AIM OF THE TASK - From the line containing "Black seafood pasta" down to the last line of the records below, copy every line exactly. Leave out everything before it.

EXERCISE INPUTS -

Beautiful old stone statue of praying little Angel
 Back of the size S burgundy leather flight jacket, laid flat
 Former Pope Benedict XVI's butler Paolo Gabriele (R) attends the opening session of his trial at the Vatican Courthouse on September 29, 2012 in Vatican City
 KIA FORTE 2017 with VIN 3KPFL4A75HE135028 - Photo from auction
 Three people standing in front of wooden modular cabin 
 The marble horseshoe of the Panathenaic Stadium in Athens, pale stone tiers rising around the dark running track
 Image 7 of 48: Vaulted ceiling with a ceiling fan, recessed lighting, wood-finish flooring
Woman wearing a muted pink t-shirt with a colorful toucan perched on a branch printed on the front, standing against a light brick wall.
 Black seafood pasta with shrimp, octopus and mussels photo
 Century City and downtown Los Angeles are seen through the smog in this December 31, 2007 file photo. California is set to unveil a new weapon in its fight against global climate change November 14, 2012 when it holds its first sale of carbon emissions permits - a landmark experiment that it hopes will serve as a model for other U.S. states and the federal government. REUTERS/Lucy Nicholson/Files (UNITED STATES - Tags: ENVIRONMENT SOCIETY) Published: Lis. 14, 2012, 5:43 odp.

RESPONSE TO THE TASK -
 Black seafood pasta with shrimp, octopus and mussels photo
 Century City and downtown Los Angeles are seen through the smog in this December 31, 2007 file photo. California is set to unveil a new weapon in its fight against global climate change November 14, 2012 when it holds its first sale of carbon emissions permits - a landmark experiment that it hopes will serve as a model for other U.S. states and the federal government. REUTERS/Lucy Nicholson/Files (UNITED STATES - Tags: ENVIRONMENT SOCIETY) Published: Lis. 14, 2012, 5:43 odp.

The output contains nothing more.